E siamo lì in testa con merito; per intenderci la Francia, squadra di casa e tra le candidate alla vittoria finale con i sudamericani ha sì giocato e vinto ma realmente con sofferenza, 27-12, non guadagnando il punto bonus e favorendo di alcune decisioni arbitrali. Così tanto per dire e per dare la misura di quello che ha conquistato l’Italia: una vittoria netta. Una vittoria con cinque mete. Il resto sono elucubrazioni mentali che non ci interessano.

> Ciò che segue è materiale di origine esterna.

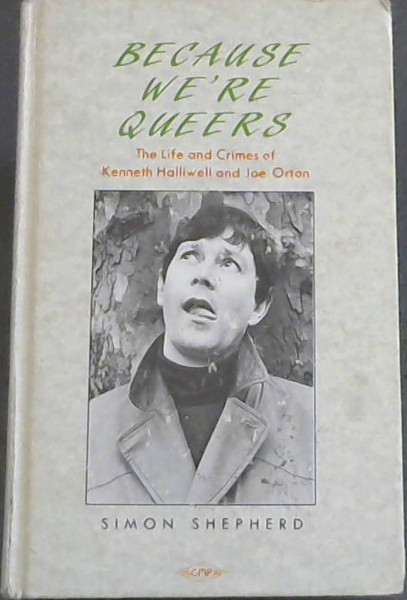 Because Were Queers The Life and Times of Kenneth Halliwell and Joe Orton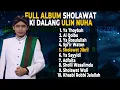 Download Lagu SHOLAWAT KI DALANG ULIN NUHA  KI DALANG ULIN FULL ALBUM 2022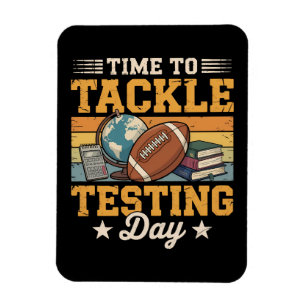 Time To Tackle Testing Day Magnet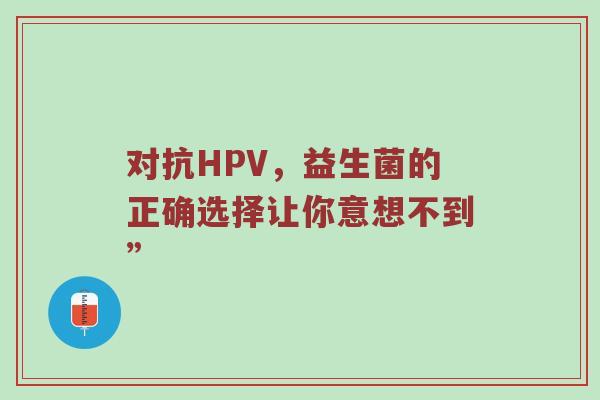 对抗HPV，益生菌的正确选择让你意想不到”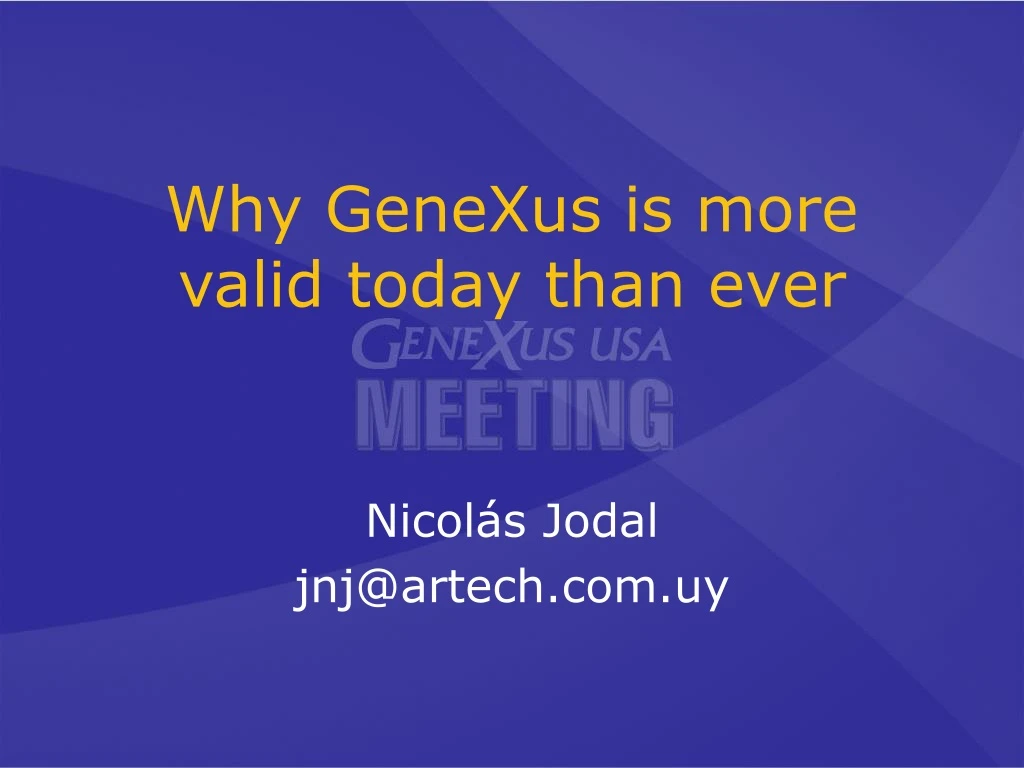 why genexus is more valid today than ever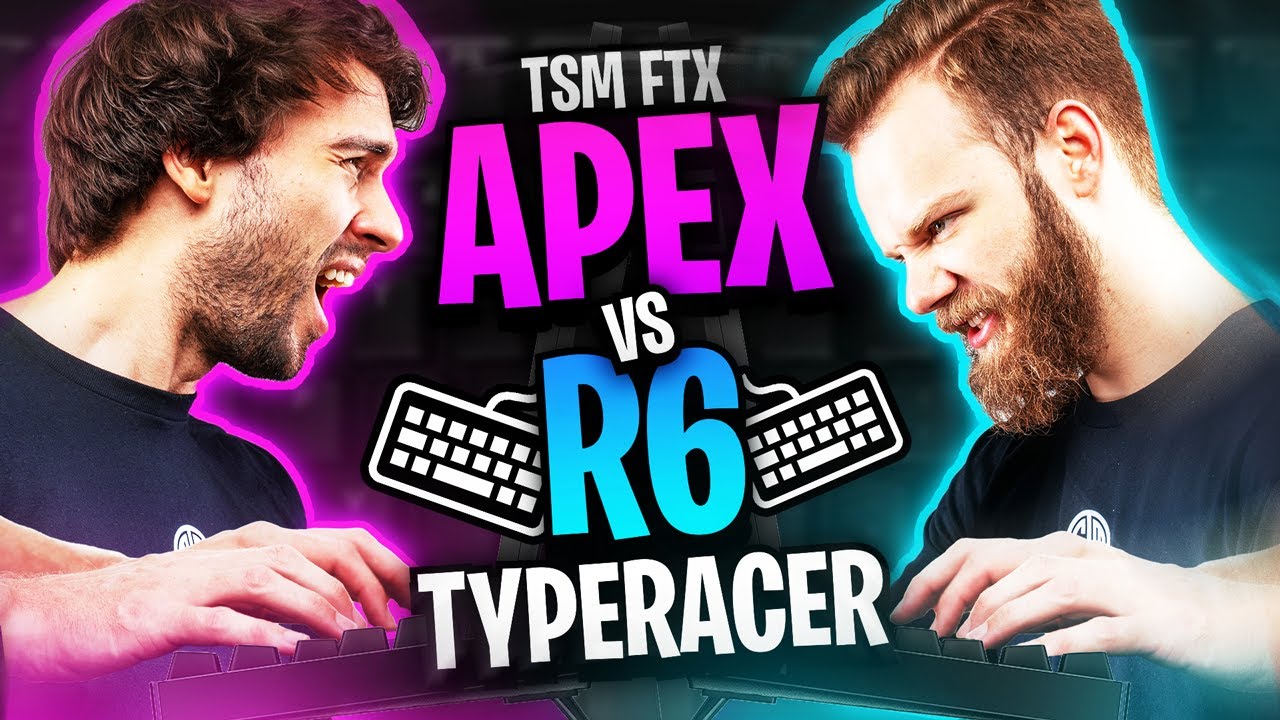 TSM Apex Vs R6 TypeRacer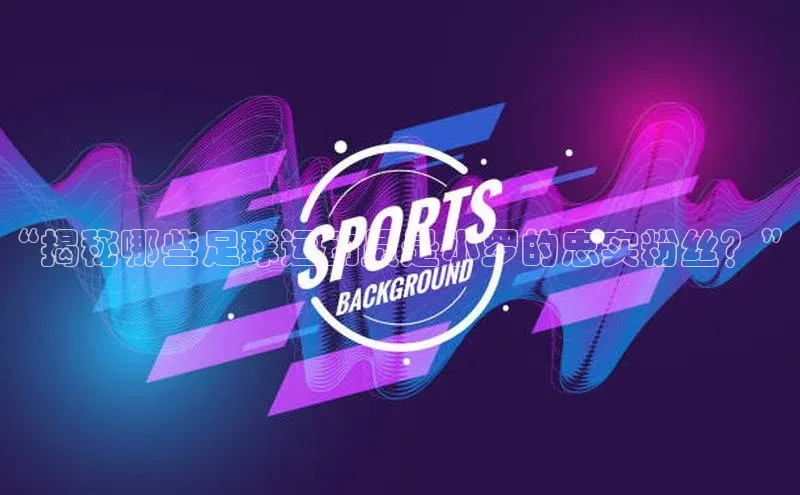 米兰·全站APP登录入口小红书“揭秘哪些足球运动员是小罗的忠实粉丝？”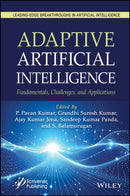 Adaptive Artificial Intelligence : Fundamentals, Challenges, and Applications-9781394389049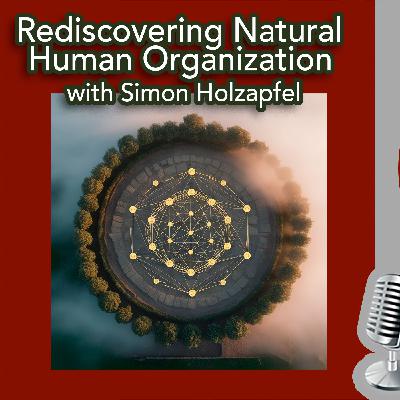 Rediscovering Natural Human Organization w Simon Holzapfel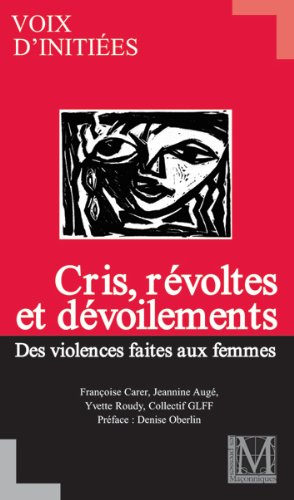 Beispielbild fr VIOLENCES FAITES AUX FEMMES : CRIS, VIOLENCES ET DEVOILEMENTS / VOIX D'INITIEES zum Verkauf von Ammareal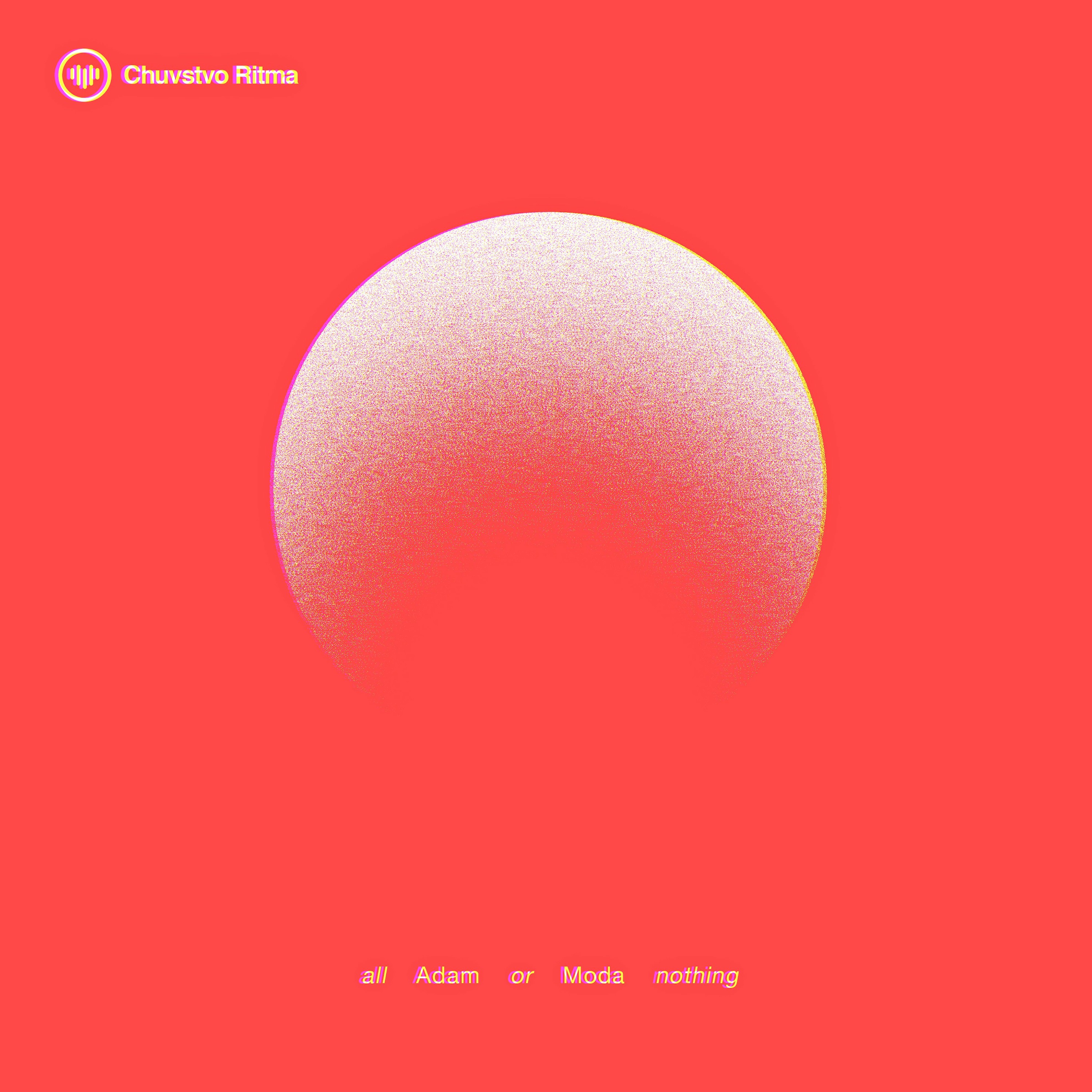 Adam Moda - All Or episode artwork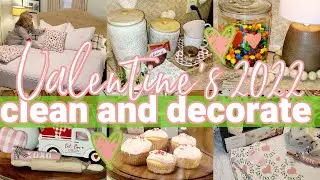 💓 VALENTINES CLEAN AND DECORATE WITH ME // DECORATE WITH ME 2022 // VALENTINES DAY DECOR 2022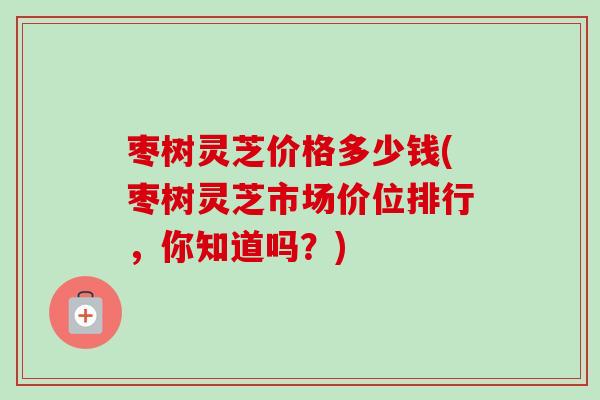 枣树灵芝价格多少钱(枣树灵芝市场价位排行，你知道吗？)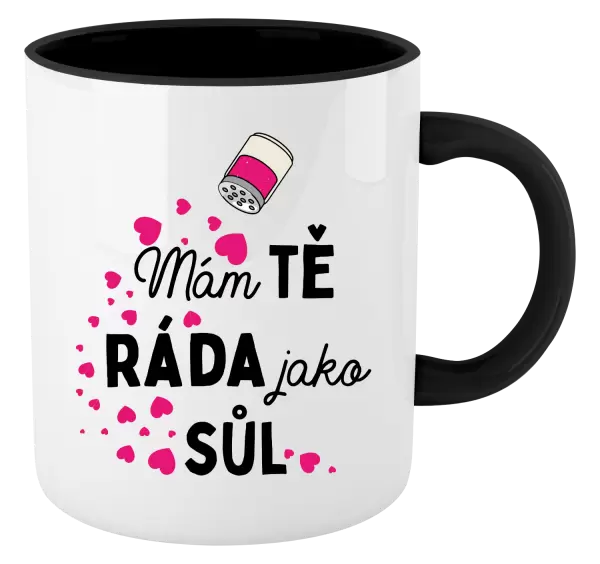 Hrnek Mám tě ráda jako sůl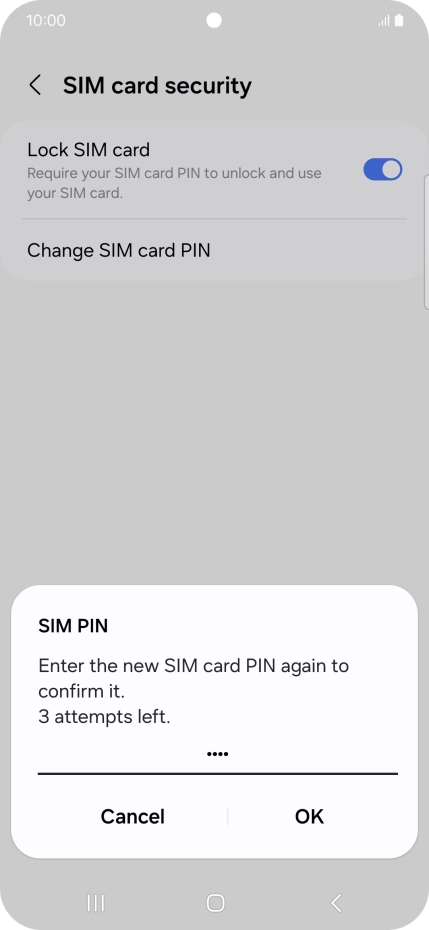 Key in the new PIN again and press OK.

Ovviamente giusto restare con i piedi per terra e probabilmente gli azzurri di coach Crowley, vedranno i loro sogni infranti sul muro nero degli dei della palla ovale o dall’entusiasmante sagacia dei padroni di casa, che hanno l’occasione della vita da non sprecare, ma intanto l’Italia è lì, in vetta al girone A del campionato del mondo. Ioane, Lamaro, Capuozzo and Co hanno imparato a sognare e “ormai che ho imparato a sognare, non smetterò”.